BYOC for ARM Ethos-N Fails

Thanks a lot. After these tips, I could run with ethosn and llvm. Rather, after I saw the graph.json from the module.tar, I found there is no computing operator using ethos-n. I think that is because of the model I used, I should change a model to test for my ethos-n. Is that right?

Here is my code which can run successfully.

Here is the model I used now: https://github.com/onnx/models/raw/b9a54e89508f101a1611cd64f4ef56b9cb62c7cf/vision/classification/resnet/model/resnet50-v2-7.onnx

Hi, yes it looks like the model you’re using is in NCHW format which is not supported. You could try to convert the model to NHWC by adding desired_layout="NHWC" to the compile function. This should insert layout_transform operations where necessary so that the graph can be offloaded to the NPU.

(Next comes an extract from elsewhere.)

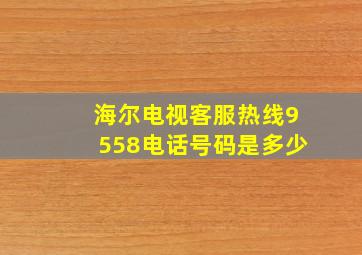 海尔电视客服热线9558电话号码是多少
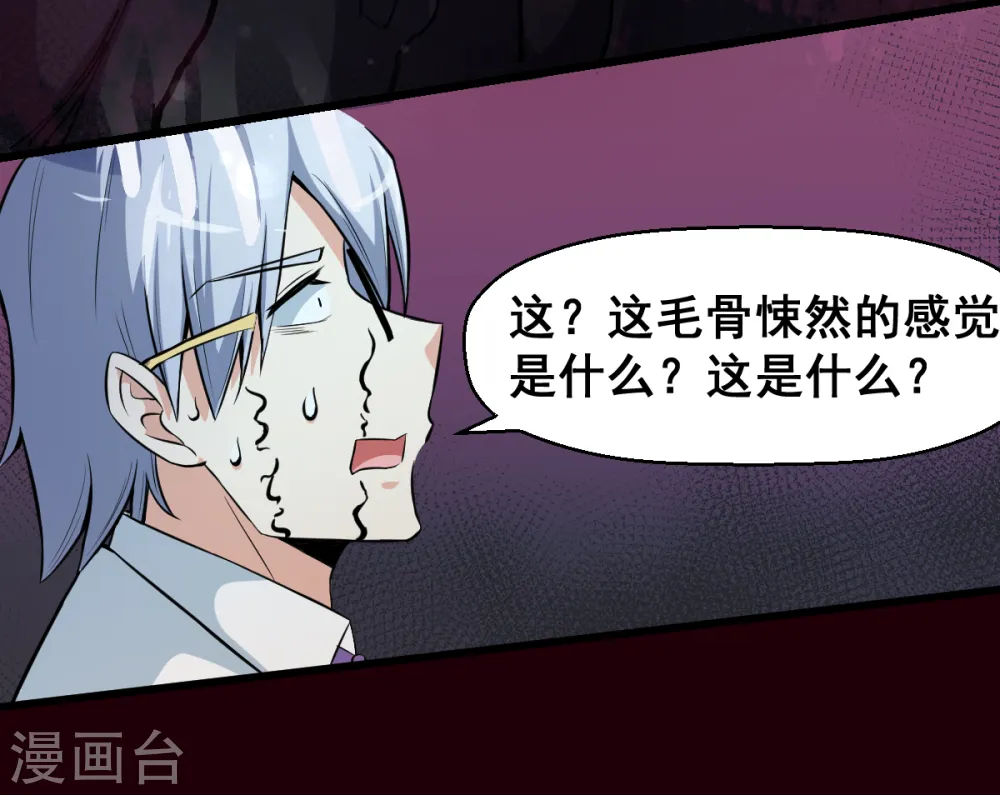 第8话 本命召唤 第16页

I have used several different codes for testing. Rather, I found I have never used ethos-n for running. My code is as follows:

from tvm.driver import tvmc
model = tvmc.load('my_model.onnx')
print(model.summary())
package = tvmc.compile(model,target="ethos-n -variant=n78, llvm",dump_code="relay",package_path = "module.tar",desired_layout="NHWC")
result = tvmc.run(package, device="cpu")
print(result.outputs)

The output relay graph is as follow(part):(I found there is no use for ethos-n)

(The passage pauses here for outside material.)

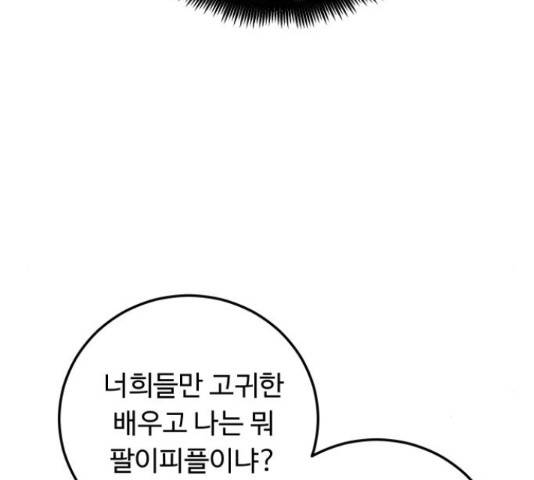 가족같은 XX 27화 15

  1. My Ethos-n is at /dev/ethosn0. I found tvmc.run did not run it anymore.

    (I found even I deleted /dev/ethosn0, the runtime executes withour error message)

  2. Everytime I tested for the model, I got the different result.

Apologies for missing this before, it looks like the graph you’re providing is in float32 format. Only int8 and uint8 formats can be offloaded to the NPU, so this explains why no operations are being offloaded

Thanks a lot. I will test for other model now.

I have tested my mobilenet model for cpu and cpu+npu using tvmc, but the result is still failed.

(Not the same between cpu and cpu+npu)

My code is here: https://github.com/guanjen375/EthosN-tvmc

By running run_llvm.sh, you can run the mobilenet model with cpu. (target = “llvm”)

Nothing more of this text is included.